08 October 2016

Glances, Glasses


"There are only three things to be done with a woman. You can love her, suffer for her, or turn her into literature."

--Lawrence Durell

There's no room at the bar except next to a thin brunette in a black dress, so I ask if she's waiting for company or if the seat is available. She says it's open, so I sit down. I'm somewhat uncomfortable when the trio of women who were sitting next to me then decide to get up and leave because now I'm not sure if I should move or not. I don't. The problem is solved when a man who looks like the bastard offspring of Dennis Miller and Jeff Goldblum sits on the other side of me.

The owner asks me what I want and I ask her for a glass of red wine. I'm not picky, nor am I much of a wine snob, and I trust what she pours for me: I know her. She pours me a cab and it's a big, chocolate cigar of a wine.

The woman sitting next to me asks if I speak French. I just say a little. She pays me a compliment, I thank her.
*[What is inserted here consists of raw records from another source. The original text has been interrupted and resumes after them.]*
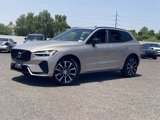 Used 2023 Volvo XC60 B5 Plus w/ Protection Package Premier image 2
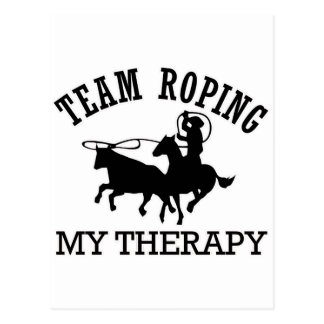 Team Roping Cards | Zazzle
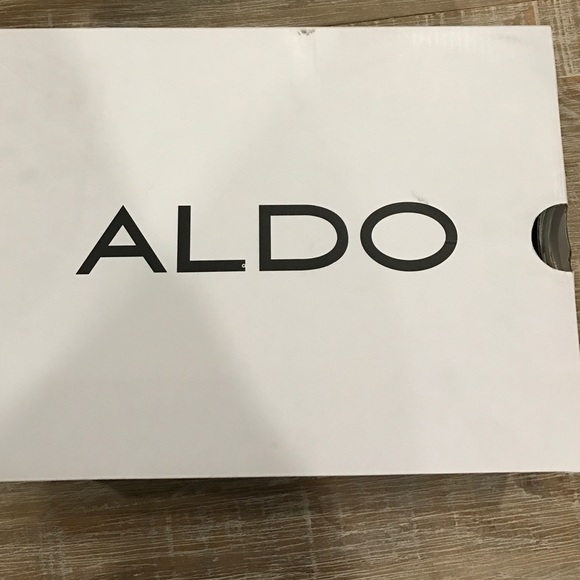 Sold - Picture 2 of 4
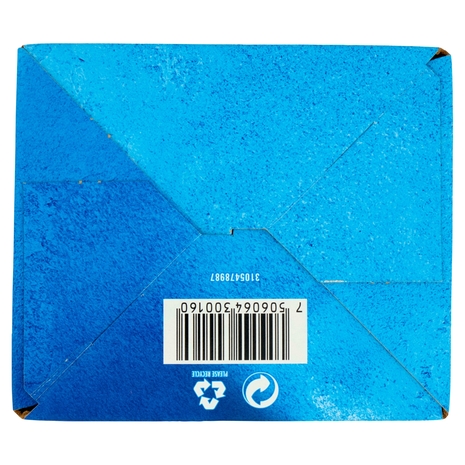 Don Julio Tequila Blanco 700 ml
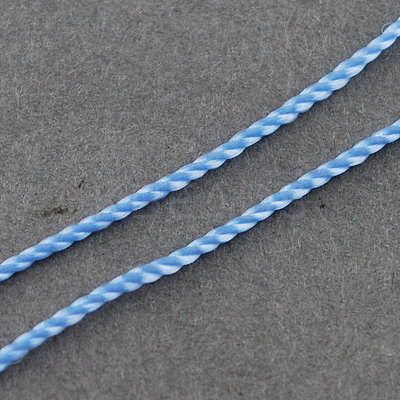 Nylon Sewing Thread NWIR-Q005-31-1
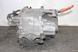 Купити Редуктор задній Lexus RX (AL10) 2009-2015 G105048010 98473 б/у на авторозборці - зображення 2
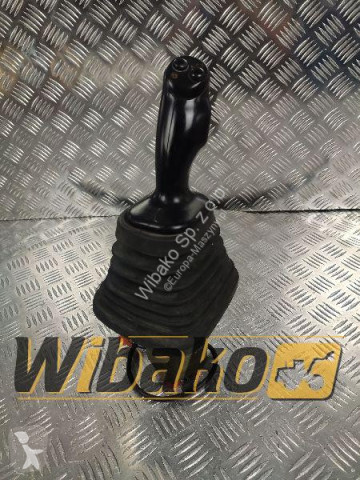 Joystick Liebherr ny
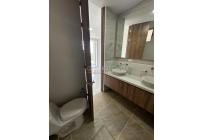 Apartamentos, Venta, Ciudad Jardín - $990.000.000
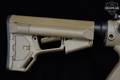 2013 Sig Sauer SIG716 Patrol Rifle Gen 1 7.62mm NATO (7.62x51) FDE (Flat Dark Earth) in Good Condition Image 4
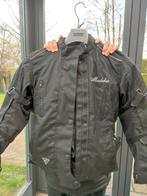 Nieuwe Modeka motorjas, Ophalen of Verzenden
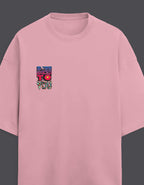 Right_Pocket_4_c_56.jpg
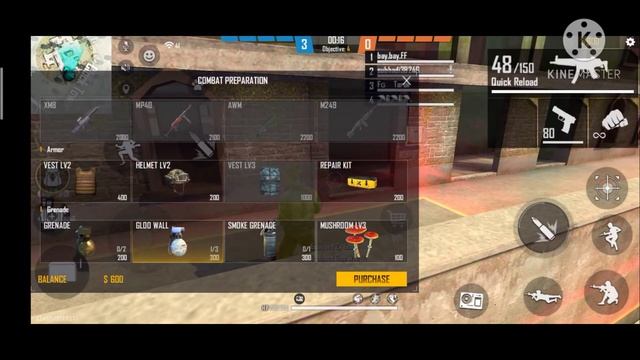 TSG JACK ✓clash squad ranck only MP5 challenge _Samsung j2' J5 J6 J7 .A3.A5.A6.A7. congratulation смотреть онлайн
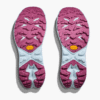HOKA HOKA ONE ONE Bondi 7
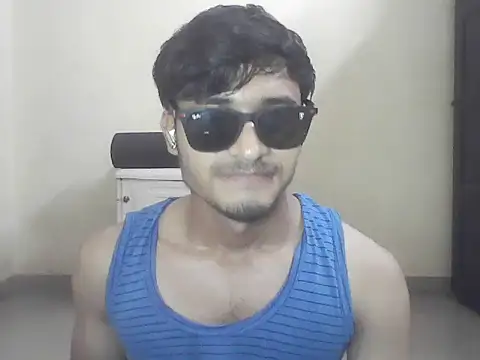 Snapshot of adithya123h chatting on 1, 4, 2026 adithya123h online show from 1, 4, 2026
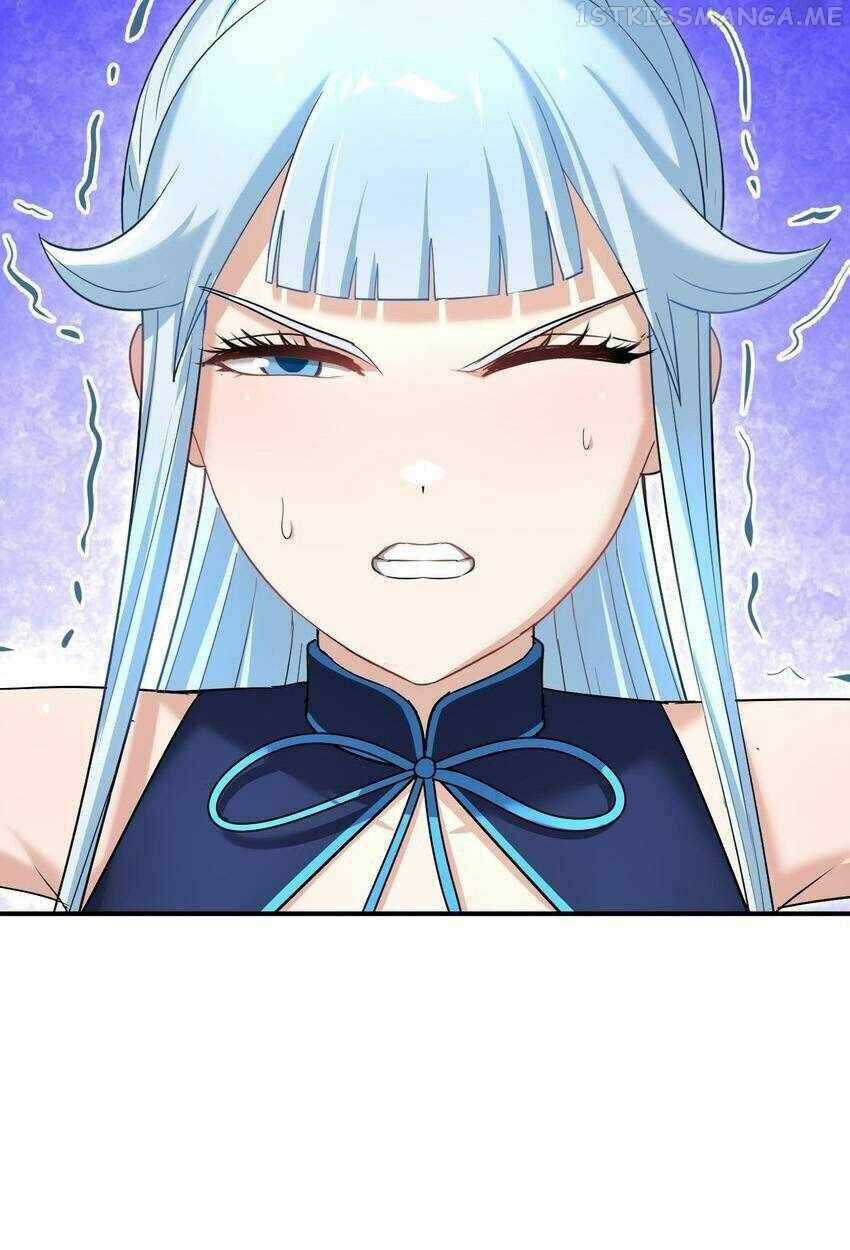 Nhập Hồn Ma Đạo Tổ Sư Chapter 44 trang 67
I ask how her dinner was and she says she hasn't had it yet.

Her lipstick is the color of garnets.

I take a sip from my wine, then slide it towards her. Try this, I tell her. It's like a chocolate cigar.

Are you sure, she asks.

Yes, of course.

She takes a sip from my glass and smiles. You're right, she says. Like a chocolate cigar. Here, try mine.

I do. It's a merlot. Young, green--the wine needs some time and some air.
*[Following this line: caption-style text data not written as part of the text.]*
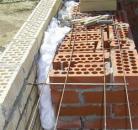 ��������� ������ �� ��������� �����,������� ��������,�����,����,����,�����,�����������,��������,������� �� �������� - ����������� 2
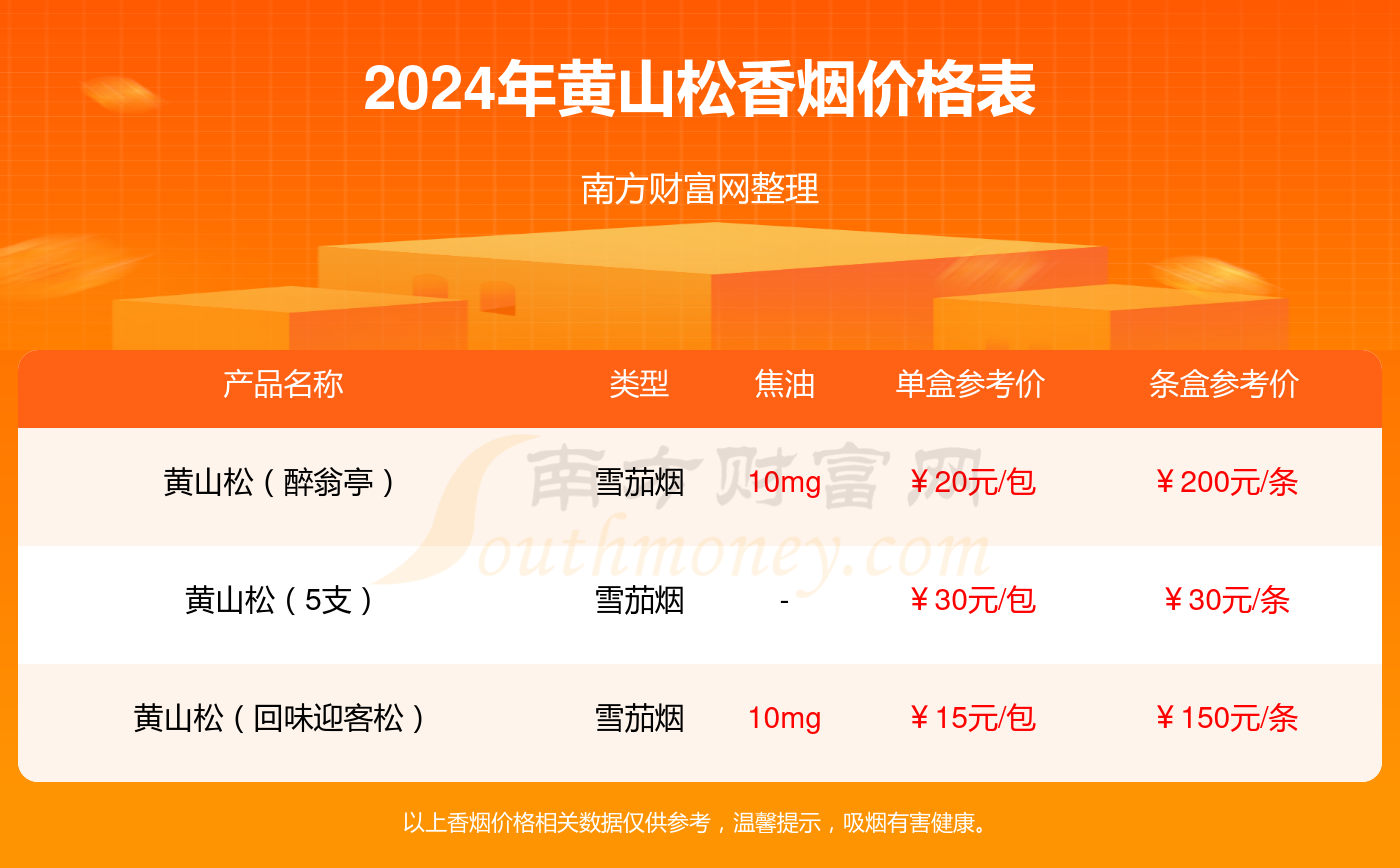揭秘管家婆一碼一肖100中獎(jiǎng)，夢(mèng)想與現(xiàn)實(shí)的交織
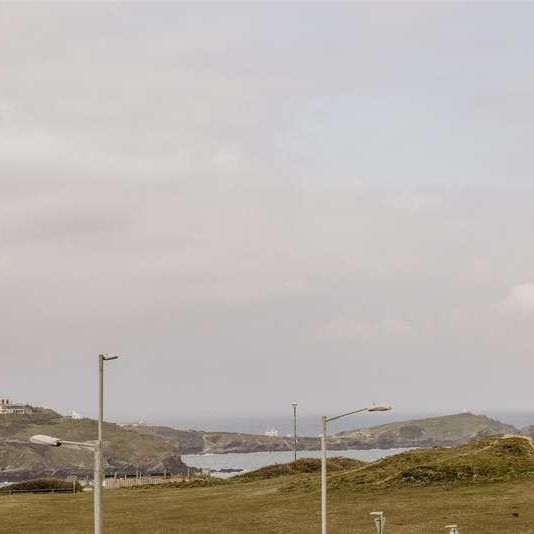 Hilgrove Mews, Newquay, TR7 - Photo 1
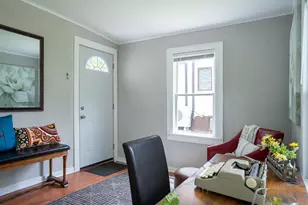 1124 5th St NE, Minneapolis, MN 55413 - Photo 18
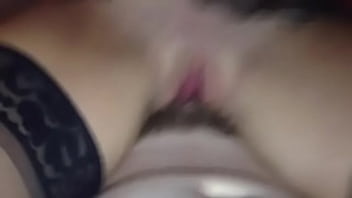 Preview 2 of Soapy Asian - 1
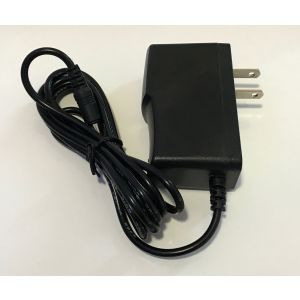 IceCap K2-50 Pump Power Adapter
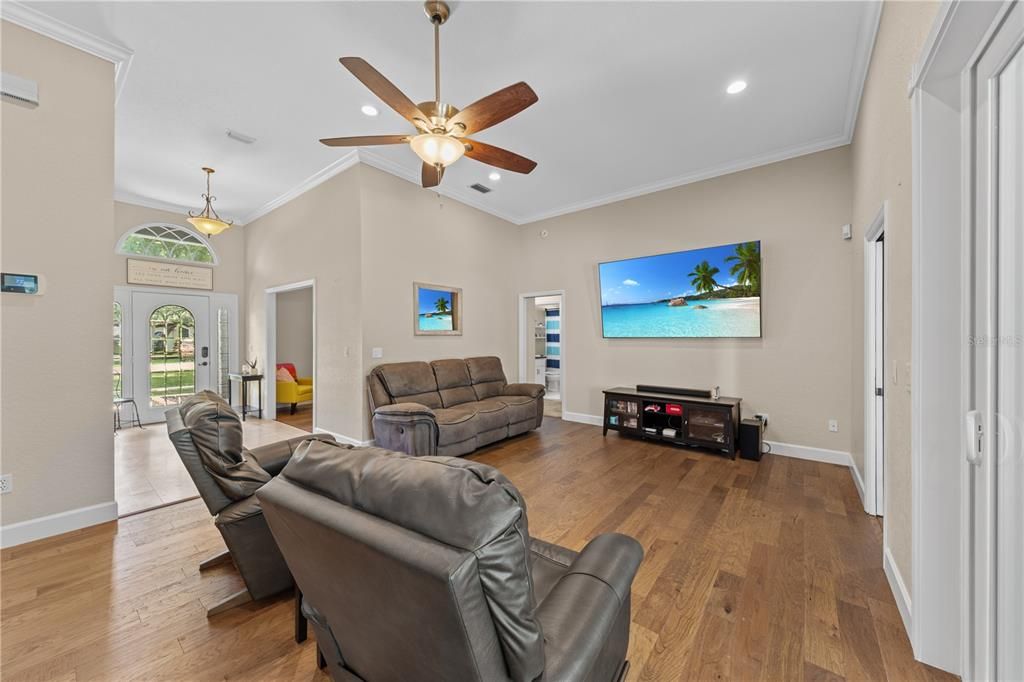 For Sale: $777,700 (4 beds, 3 baths, 2363 Square Feet)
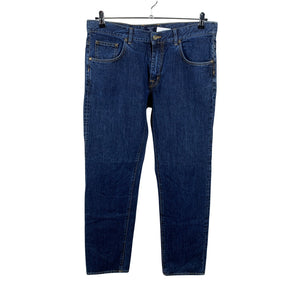 Unisex Gant - Jeans, size M - Blue (1)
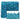 Beistle Co. - Tissus Vagues 15''X30" (2/Pqt) - Party Shop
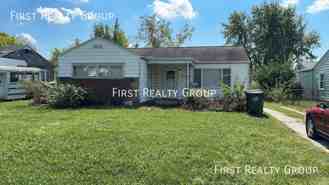 3608 W Siebenthaler Ave - Photo 1 of 1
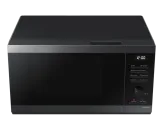 Samsung MG32DG4524CGE1 - фото 37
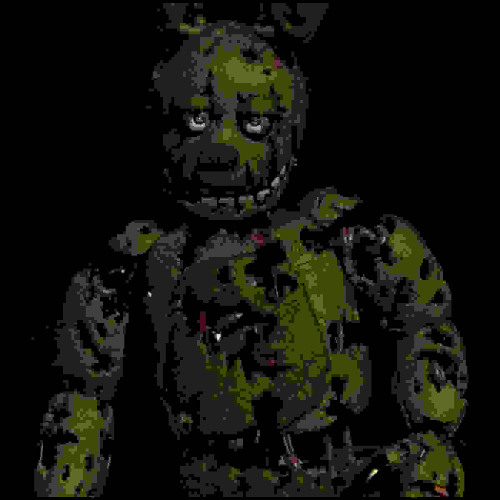 fast (prod. heartless)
The conversation turns to the same thing conversation always turns to when people have nothing to say: the question of how one earns a living. She's in medical sales, with a degree in biology from UT Knoxville. I am a reckless layabout in Nantucket reds and a white cotton button down with the sleeves rolled up. I offer to buy her a drink, which she politely declines, partly because she has to get on the road, partly because the jackass to my right has joined our conversation. I thank her and she leaves.

She leaves her napkin on the bar, it is blotted with her lipstick, wine red. I wonder what it would be like to press my lips to hers. I will never know. There is something about that thought that secretly delights me. I am not sure why, but the abrupt disconnection makes me very happy.
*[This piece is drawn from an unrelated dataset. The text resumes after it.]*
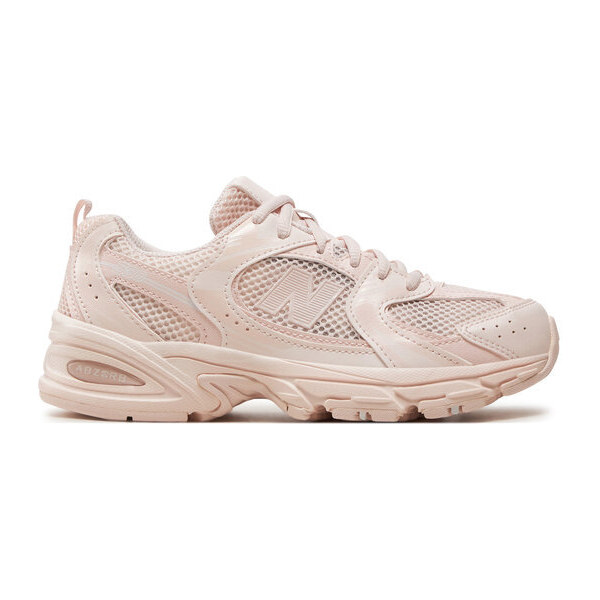 Sneakersy New Balance 54096710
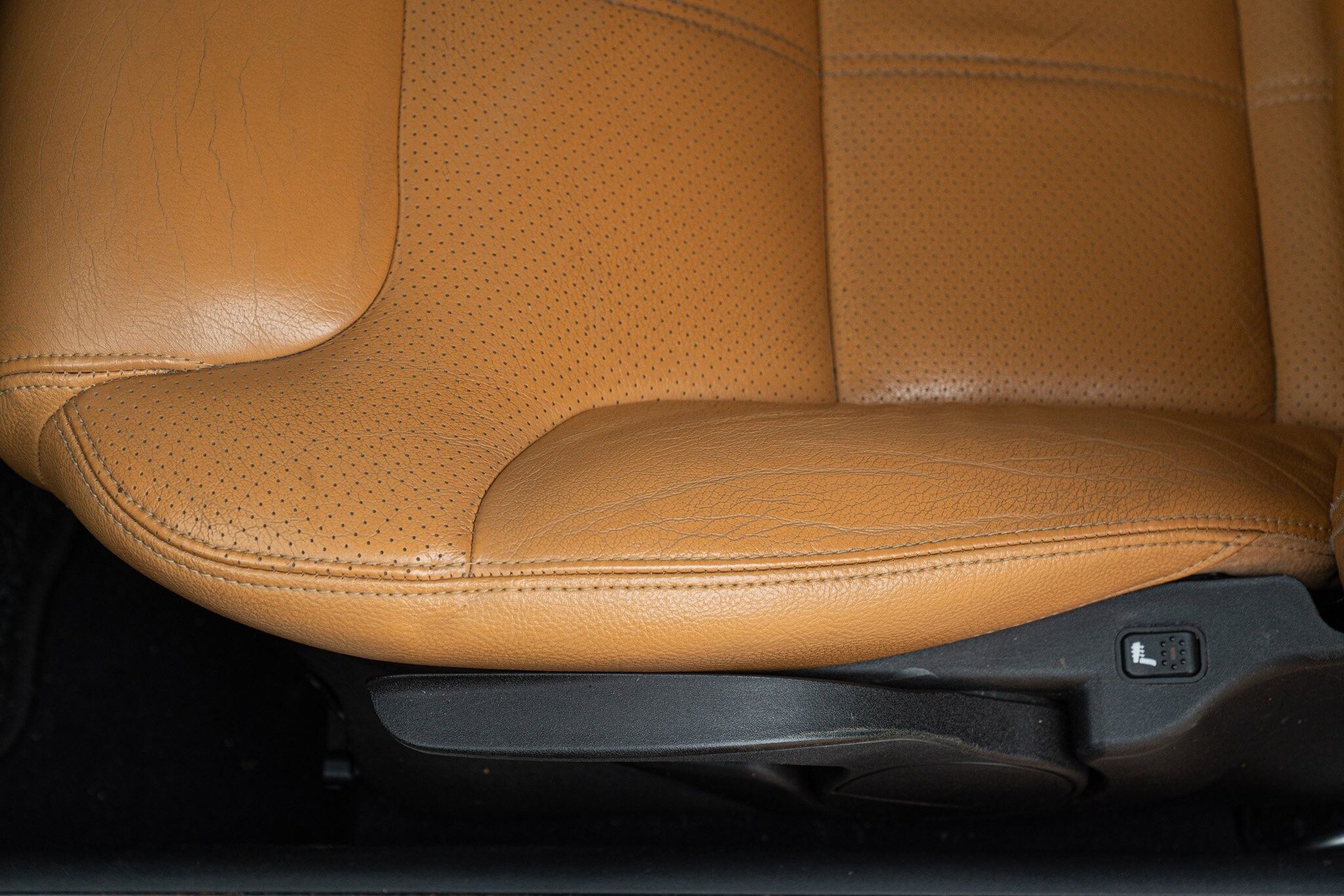 Alfa Romeo GT for sale | 2005 ALFA ROMEO GT COUPE’ JTS “DISTINCTIVE EDITION” - Image 21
The fellow next to me asks why I didn't press for her phone number or offer her a card.

The reason I didn't is because there is something far more beautiful about a napkin, well-kissed, than a number I won't ever call. There is something much better about watching a lovely woman's long fingers caress the stem of the glass you pass to her and the traces she leaves. To try to hold onto her would smear the traces; crush the delicacy of the moment.

The reason I didn't is because she was a perfect stranger.

I wanted to keep her perfect.


Written mid-2010.  This ended up as a part of a piece of fiction that I workshopped at Yale Summer Session. The temptation is to edit all the pretentiousness out of this, but it is what it is: a short, guarded essay by someone who still hasn't gotten past his own need to stay "perfect."